Insider Convictions Seen Too Easy in Chiasson AppealPatricia Hurtado
What looks like insider trading to one federal judge might not rise to the level of a crime to another. Or, in the case of two hedge fund managers fighting their convictions, to another three judges.
Level Global Investors LP co-founder Anthony Chiasson and ex-Diamondback Capital Management LLC portfolio manager Todd Newman claim they were wrongfully convicted because jurors at their trial were told they only had to find that the defendants knew tips they traded on weren’t public.
Today, the two men will make their case to the U.S. Court of Appeals in New York. If the panel of three judges agrees with them, it may make insider-trading prosecutions more difficult, while also calling into question one of the biggest victories won in the U.S. government’s seven-year crackdown on Wall Street.
Prosecutors have argued that all they need to prove is that traders were aware information they used wasn’t public and breached a fiduciary duty, as they did in winning the conviction of SAC Capital Advisors LP fund manager Michael Steinberg. U.S. District Judge Richard Sullivan took the same position in that case as in the trial of Chiasson and Newman.
But lawyers for the two men said at least three judges have required an additional element: that the traders also know the original source of the inside information received a benefit for the tip.
Jurors were required to find all three elements by U.S. District Judge Jed Rakoff, in the case of Whitman Capital LLC hedge fund founder Doug Whitman; former U.S. District Judge Richard Holwell, in the case of Galleon Group LLC co-founder Raj Rajaratnam and U.S. District Judge Paul Gardephe, in the trial of SAC Capital portfolio manager Mathew Martoma.
“The government’s zeal to combat insider trading went too far in this case,” Marc Pomerantz and Greg Morvillo, lawyers for Chiasson, said in a memo to the court. “He was a remote tippee, removed from the insiders by four degrees of separation.”
A ruling by the federal appeals court in favor of Chiasson and Newman may imperil the Steinberg conviction, which along with the conviction of Martoma was among the biggest victories for Manhattan U.S. Attorney Preet Bharara in his prosecutions of Wall Street wrongdoing, and at SAC Capital in particular.
New trials could be ordered for Chiasson and Newman. However, even with the extra element required by the other judges in the cases of Rajaratnam, Whitman and Martoma, all were found guilty.
At trial, the prosecutors said Chiasson and Newman were part of a group of portfolio managers, fund analysts and company insiders who shared material nonpublic information about Dell Inc. and Nvidia Corp. and traded on them as part of a sprawling $72 million insider-trading scheme.
Six men pleaded guilty and agreed to cooperate with the U.S., including Chiasson’s and Newman’s analysts, who both testified they funneled the illicit tips to their bosses. Chiasson, of Manhattan, was sentenced to 6 1/2 years in prison, while Newman, of Needham, Massachusetts, got a 4 1/2-year term.

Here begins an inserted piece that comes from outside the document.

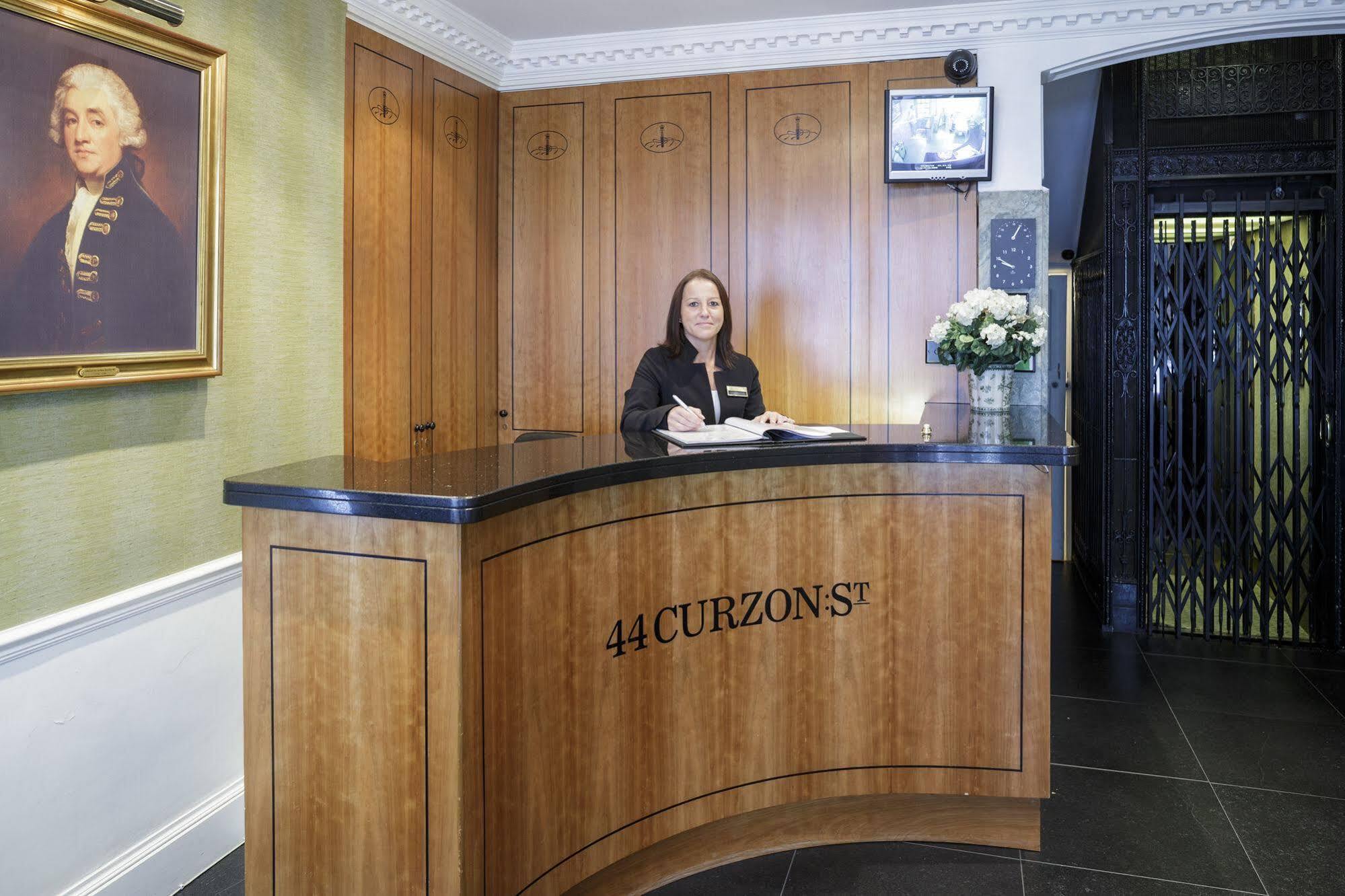 Lägenhetshotell 44 Curzon Street By Mansley 4*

“According to the government’s evidence, Chiasson knew only that his research analyst had sources of material nonpublic information coming from ‘insiders’ and he traded on that information,” the defense lawyers said in their filing. “That is not a crime.”
The three-judge panel that will hear the appeal includes U.S. Circuit Judges Barrington Parker, Ralph Winter and Peter Hall. Parker was on a panel that last June agreed to allow Chiasson and Newman to remain free while they challenged their convictions, ruling that their cases pose a significant question of law.
The National Association of Criminal Defense Lawyers argued in a friend-of-the-court filing, that if Chiasson and Newman’s convictions stand, it could lead to a broadening of insider trading law and a blurring of the lines between legally permitted sharing of information with the illegal use of material, nonpublic information.
Parker questioned Assistant U.S. Attorney Antonia Apps during a hearing last year on the difference of opinion between Rakoff and Sullivan on the government’s burden of proof in insider trading cases.
“This sounds to me like this is going to be a very lively appeal,” Parker said. “You have Judge Sullivan and Judge Rakoff, who are arguably the best in the business who see this differently.”
Sullivan, Rakoff and Gardephe all sit in federal court in Manhattan, as did Holwell before he left the bench.
The appeals case is U.S. v. Newman and Chiasson, 13-1917, U.S. Court of Appeals for the Second Circuit (Manhattan). The lower court case is U.S. v. Newman, 1:12-cr-00121, U.S. District Court, Southern District of New York (Manhattan).